● What needs to be done
Only the records, exactly as written, belong in the answer; pictures do not.

--- Provided records Enclosed Below ---

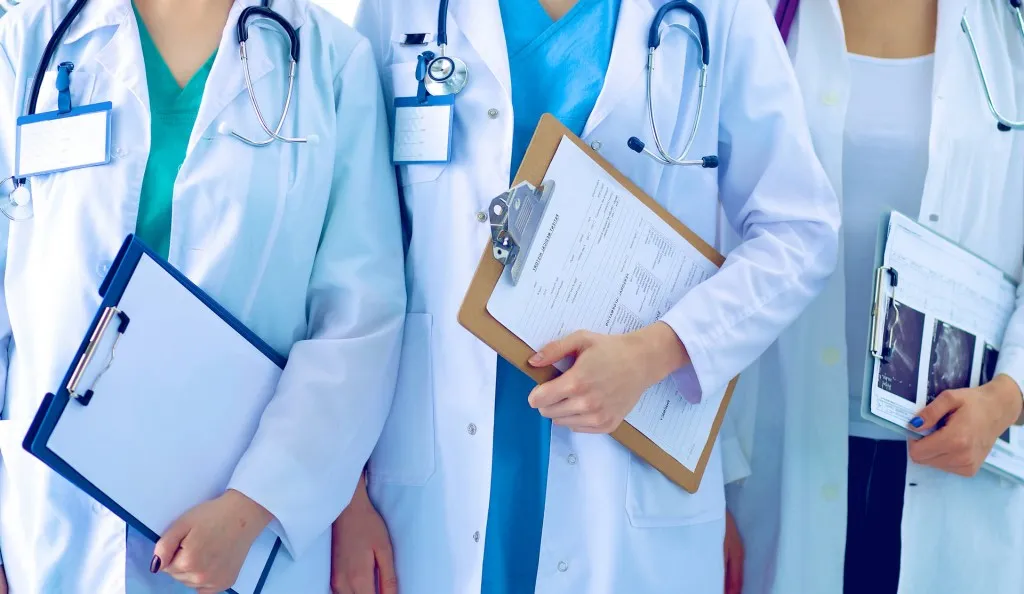 Тверской ГМУ в прошлом году подготовил для практического здравоохранения 900 человек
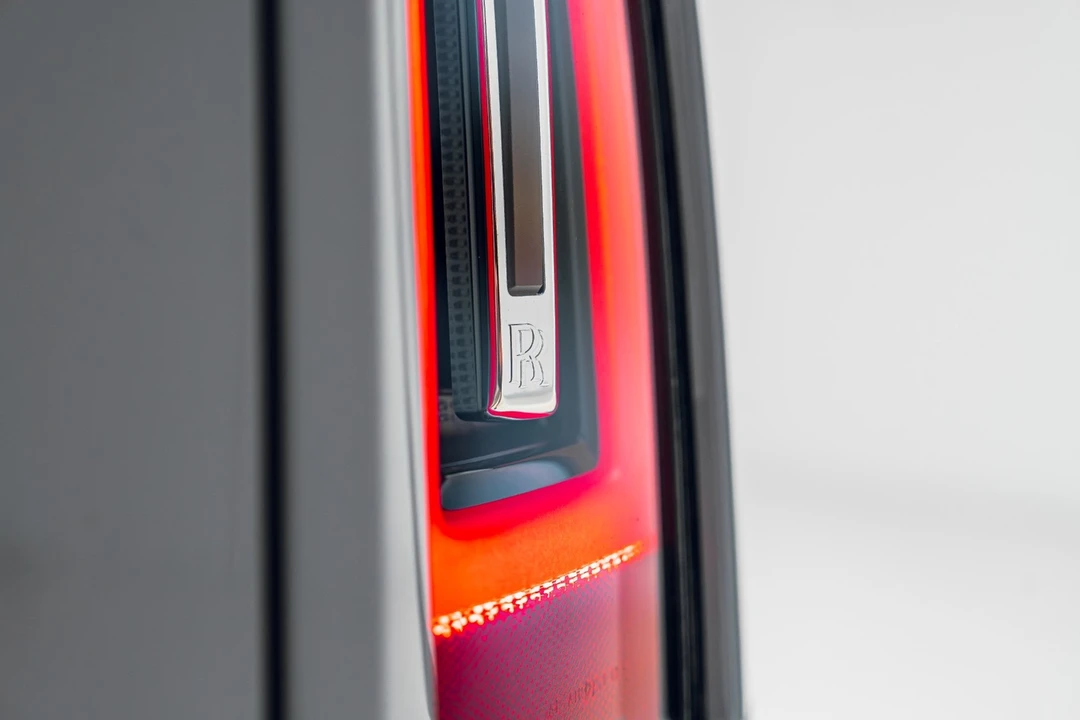 2026 Rolls-Royce Cullinan - Image 17 of 31
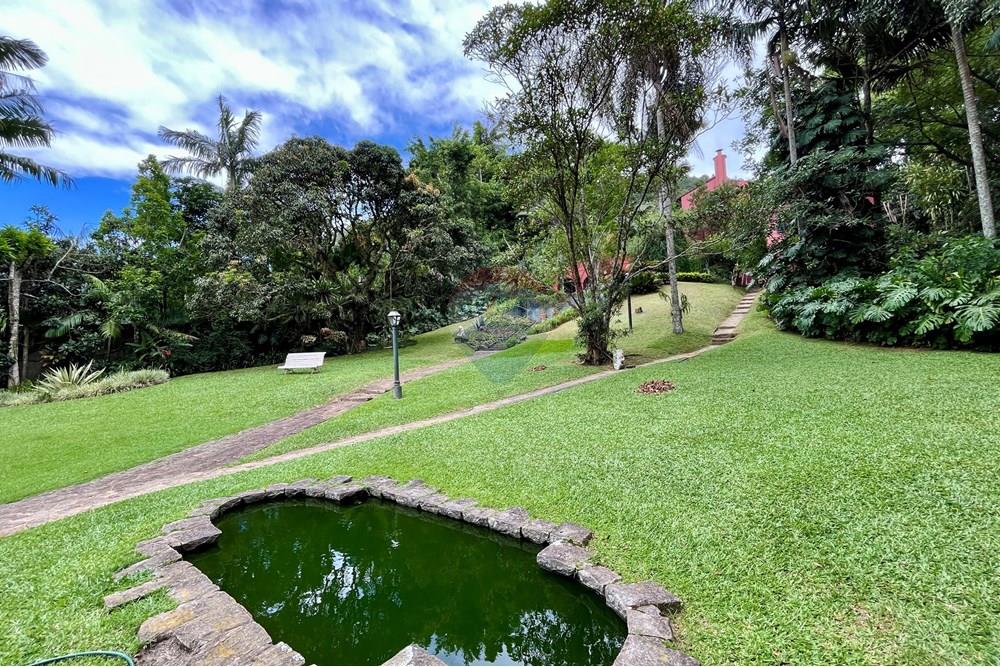 Casa - Venda - Petrópolis , Rio de Janeiro - IMG_4920.JPG - 631611012-6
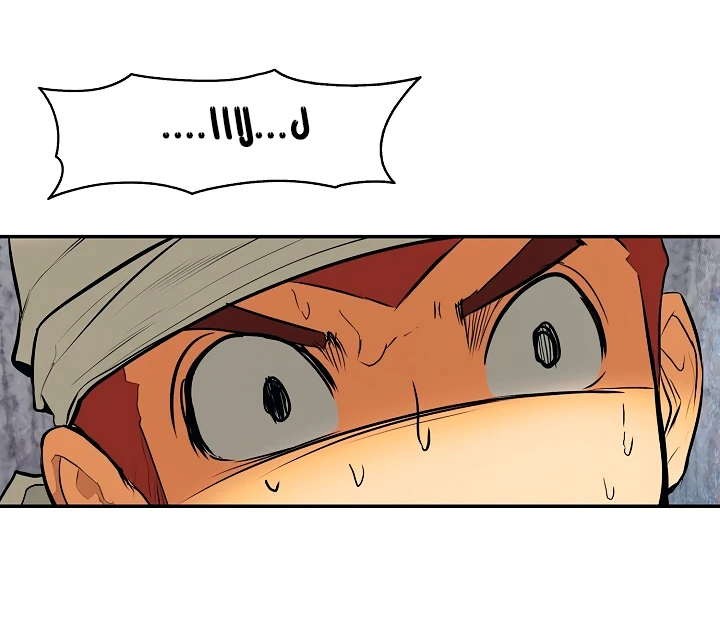 صفحة 39 — MookHyang - Dark Lady الفصل 7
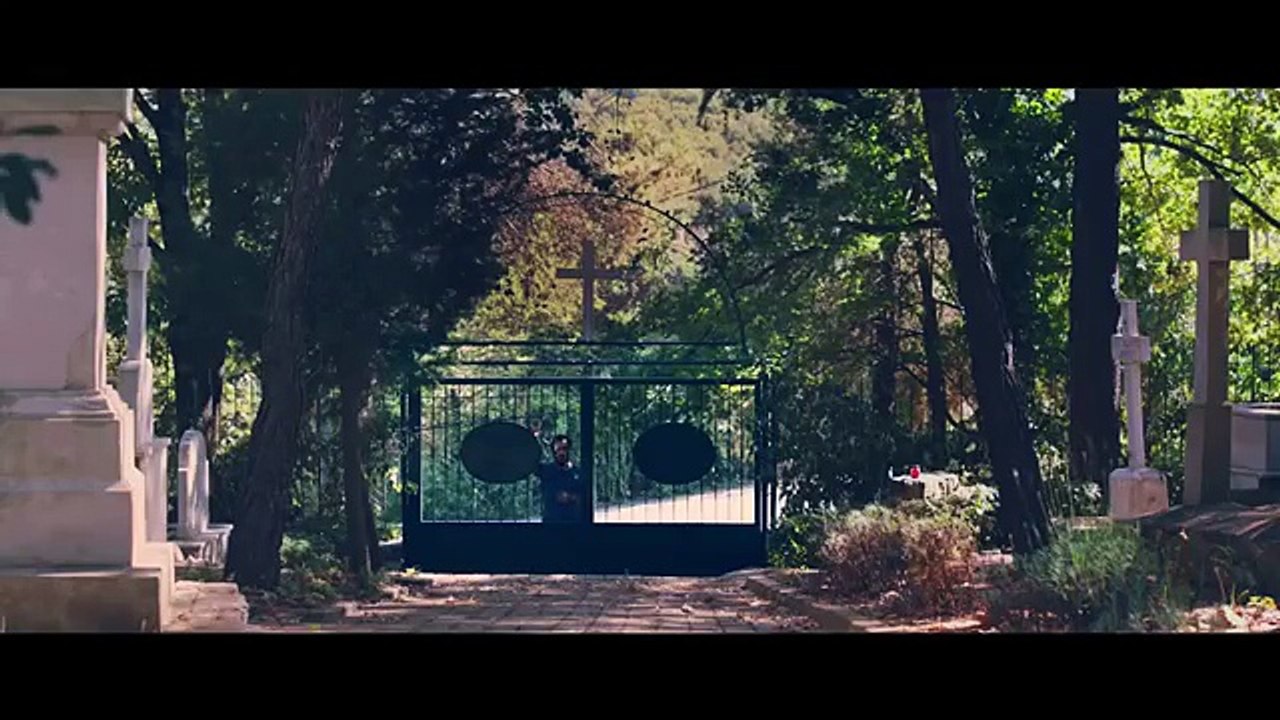 Yarım Kalan - Teaser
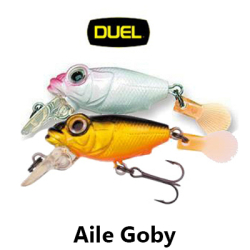 Duel Aile Goby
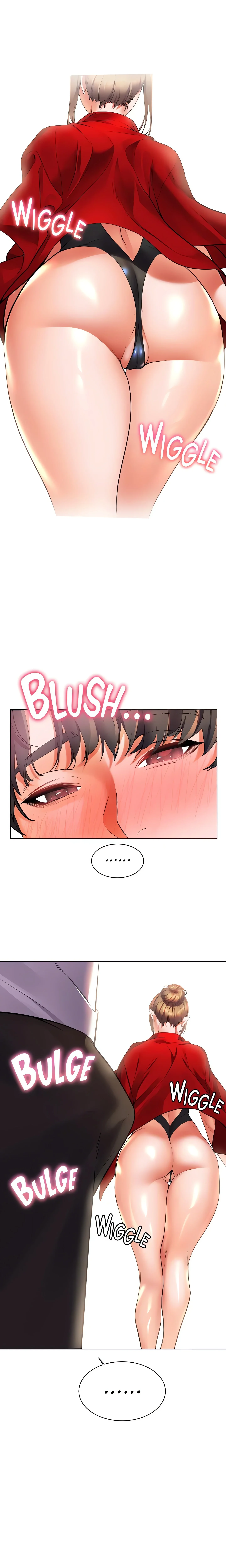 Childhood Friend (Yuwol) (Official) chapter 19 page 12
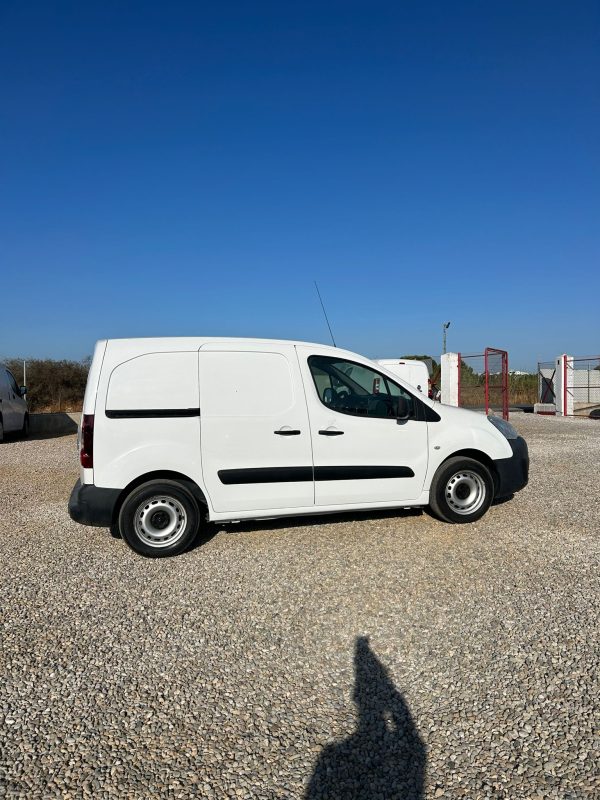 CITROEN BERLIGO - Imagen 6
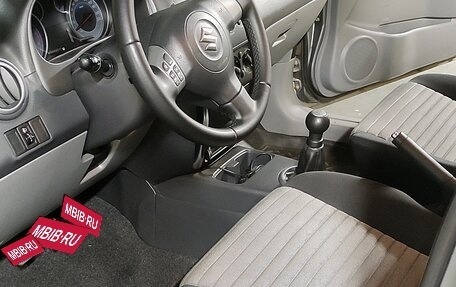 Suzuki SX4 II рестайлинг, 2010 год, 790 000 рублей, 11 фотография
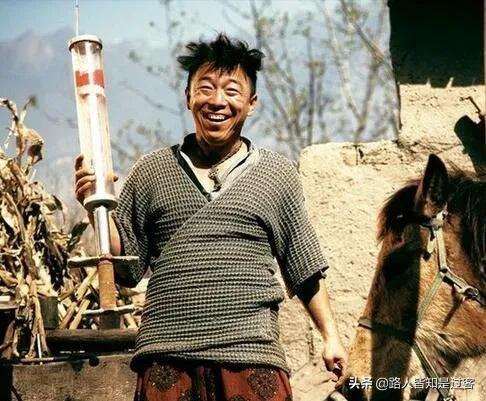 徐峥王宝强《泰囧》（泰囧后徐峥再次邀请黄渤）(9)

--- End of Enclosed Provided records ---

● Answer to the exercise
 Тверской ГМУ в прошлом году подготовил для практического здравоохранения 900 человек
 2026 Rolls-Royce Cullinan - Image 17 of 31
 Casa - Venda - Petrópolis , Rio de Janeiro - IMG_4920.JPG - 631611012-6
 صفحة 39 — MookHyang - Dark Lady الفصل 7
 Yarım Kalan - Teaser
 Duel Aile Goby
 Childhood Friend (Yuwol) (Official) chapter 19 page 12
 CITROEN BERLIGO - Imagen 6
 Suzuki SX4 II рестайлинг, 2010 год, 790 000 рублей, 11 фотография
 徐峥王宝强《泰囧》（泰囧后徐峥再次邀请黄渤）(9)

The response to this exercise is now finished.